Pour bien comprendre cette lutte terrible, il faut se rendre un compte exact du terrain. Cent pieds de large pour se battre, une terre de sable sillonnée par le lit du torrent, à droite et à gauche des escarpemens à pic, grisâtres et schisteux, garnis de pins maritimes, les pitons des montagnes se dressant comme des obélisques d’où plongeaient les balles : tel est le théâtre du combat. Que l’on se figure cette ravine, ces rochers, ces montagnes, couverts d’une multitude s’excitant de ses cris, s’enivrant de la poudre, ne connaissant plus le danger et se ruant sur une poignée d’hommes qui opposait le sang-froid de l’énergie et l’action toujours régulière de la discipline à cette fureur désordonnée. C’est que nos soldats ne cessèrent pas un moment d’être dignement commandés. Les officiers donnaient l’exemple ; le chef n’avait pas hésité une seconde, et il avait pris sur le champ son parti et entraîné ses troupes par sa décision.

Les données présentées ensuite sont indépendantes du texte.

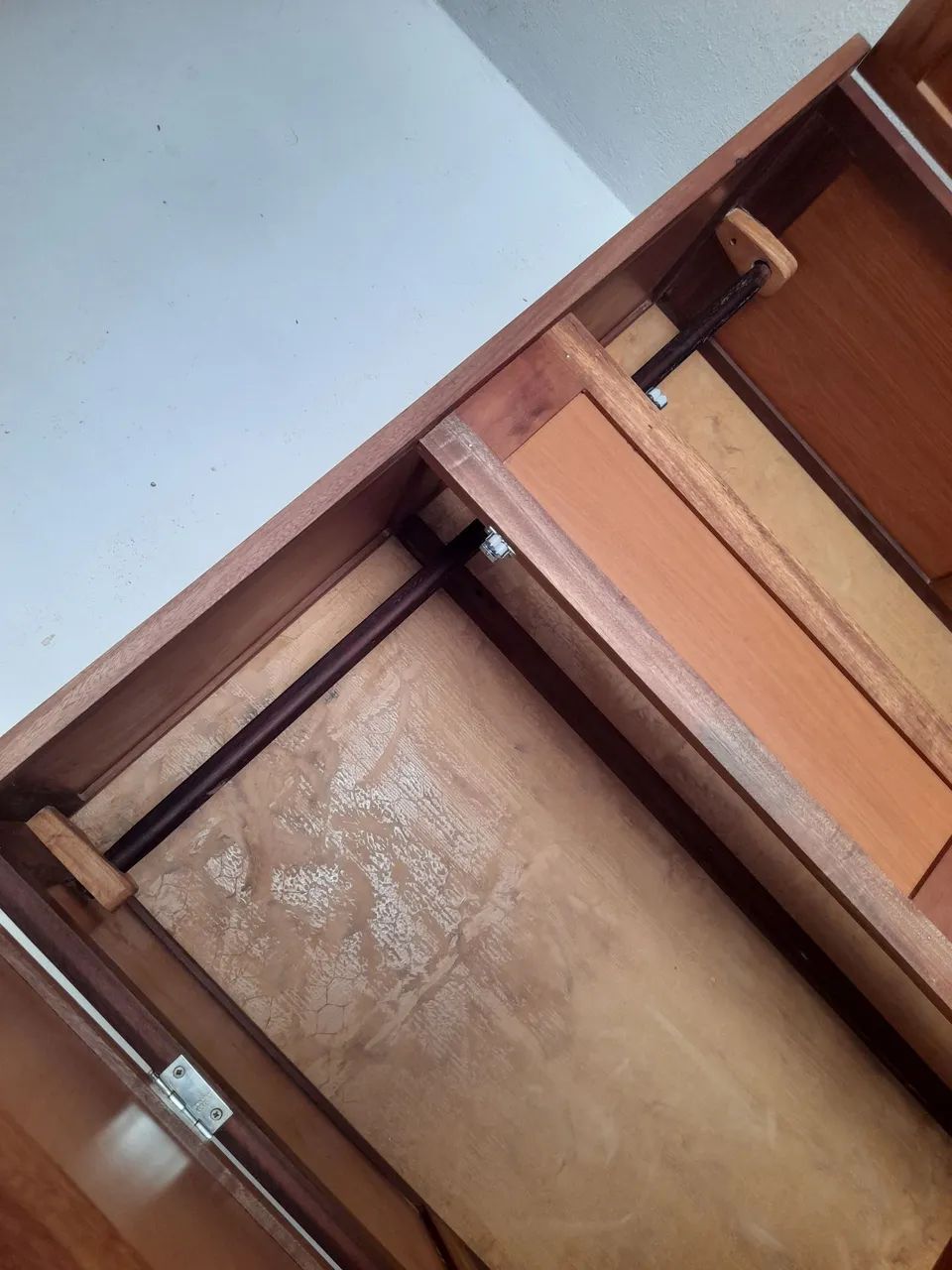 Guarda-Roupa - Foto 4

Le général voulait franchir le défilé, marcher vite en essayant de dépasser ces pitons séparés par des ravines inextricables, avant que la masse des Kabyles eût pu se porter de l’un à l’autre ; aussi n’occupait-on que les positions d’une absolue nécessité pour la sûreté de la colonne, et l’arrière-garde, si elle était serrée de trop près, se dégageait par des charges vigoureuses à la baïonnette.

Heureusement les tribus de l’est ne prenaient point part à la lutte, et l’on n’eut d’abord à se défendre que sur la droite. Toutefois la colonne n’avançait qu’avec peine, quand on arriva à l’un de ces passages qu’il était nécessaire d’occuper. Des escarpemens rocheux surplombaient le lit de la rivière en avant d’un marabout entouré de lentisques ; la compagnie de carabiniers des chasseurs d’Orléans fut chargée d’enlever ces rochers ; pleins d’ardeur, ils s’élancèrent, mais les pentes étaient affreuses, et huit jours de vivres sont une rude charge. Aussi M. Ricot, leur lieutenant, qui s’était jeté en avant sans s’inquiéter s’il était suivi, arriva le premier star le haut du plateau. Deux balles le frappent à la poitrine ; le lieutenant Martin et deux carabiniers se précipitent pour le dégager, ils tombent morts ; M. Rouffiat, le dernier officier qui reste, se jette en avant pour leur porter secours ; une blessure affreuse l’arrête ; la compagnie n’a plus d’officiers, plus de sergent-major ; une avalanche de balles s’abattait sur elle, sans guide, sans chef ; les carabiniers furent ramenés, emportant avec peine M. Martin, qui vivait encore.

  1. En Afrique, pendant la chaleur, on porte souvent ces petits cabans, afin de se préserver de l’ardeur du soleil.